In contrast to this launch of a low-cost carrier, Conesa foresees "no significant change" at Aerolitoral before the sale. "It is already the most significant regional airline in Mexico," he claims. A fifth of its passengers interline with Aeromexico and he expects that to grow. Aerolitoral will be sold as part of the Aeromexico package, but it will not be merged into its parent, contrary to some reports. "Aerolitoral will continue as a separate brand."
One final operational change is still under review – whether Aeromexico should add a cargo division. This is tied to the unresolved fate of Aeromexpress, Cintra's cargo division, which has no aircraft but tries to fill the bellies of Aeromexico and Mexicana aircraft. However, Mexicana already has its own cargo division. "We could sell Aeromexpress as a separate package, like SEAT," Conesa explains, or close it and "see that Aeromexico and Mexicana both have their own cargo divisions".
Conesa's bigger concern about cargo is how badly its potential has been ignored. "Cargo generates around 1% of Cintra's total revenue. Compare that with LAN, which earns more than a third of its revenue from cargo. We could bring in significant additional amounts."
But, like other potential improvements, such as better synergies between Aeromexico and Aerolitoral or profit-sharing plans for employees, Cintra can only do so much before the sale. Cintra's financial turnaround will certainly make a sale easier. Its 2004 profit was 573 million peso ($52 million) on revenue of 36.1 billion peso, up 13.3% from a year before. This compares with a net loss of 2.2 billion peso in 2003, representing a remarkable improvement. As a result Cintra's carriers have no material long-term debt. Mexicana is still paying for its first 10 A320s, bought 10-15 years ago, but the only other airline liabilities are off-balance sheet lease payments of $150-160 million a year. Total operating lease obligations run around $350 million.
Nor is there any issue about allocating liabilities between airlines.
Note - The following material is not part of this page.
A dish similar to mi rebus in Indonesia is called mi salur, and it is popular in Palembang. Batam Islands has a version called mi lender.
Each carries its own liabilities in its own names. As Conesa explains: "Each of the three groups will have all the assets, liabilities – above and below the line – and capital that belongs to that group. There are no debts at the Cintra level."
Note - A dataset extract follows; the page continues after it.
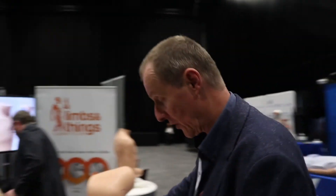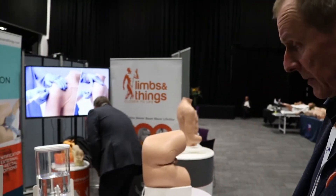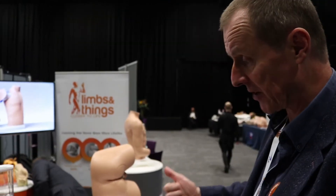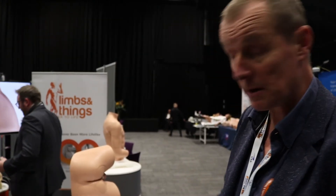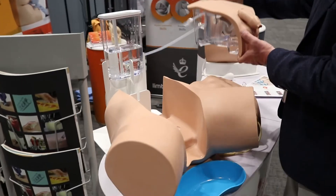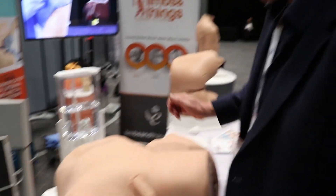It works in exactly the same way as you would work with a patient in terms of the procedural element — same lubricant, same type of catheter — and you just complete the procedure as you would with a patient. The male and female modules are interchangeable; they share a set of hips, so you can take one out and put the other in. And that's the new Limbs and Things catheterisation trainer, available now.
Compared with most Latin American airlines, Cintra's carriers are in good shape. Still, Conesa worries that they are undercapitalised. He stresses the need for new owners "who are able to inject fresh resources and have a long-term commitment to the industry. Mexico's government doesn't have that. In the past 10 years it has put no additional resources into Cintra."
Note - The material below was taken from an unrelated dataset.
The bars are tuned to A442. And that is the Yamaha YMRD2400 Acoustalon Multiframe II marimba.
As a result, he laments that Aeromexico and Mexicana have lost market share, Mexico's economy has suffered, and airline jobs are in jeopardy.
But bidders for Cintra's carriers are not required to commit new capital. As nice as it might be, the bigger benefit of Cintra's sale may be that Mexico's two major airlines will be freed from a decade of common control. Critics have claimed for some time that Mexican aviation has stagnated, largely due to a lack of vigorous competition. Now, instead of needing to complement each other or avoid rocking each other's boat, Aeromexico and Mexicana finally will be able to make independent responses to the market.
This is what Conesa has in mind when he says of the sale that will put him out of a job: Cintra's airlines "need a fresh view".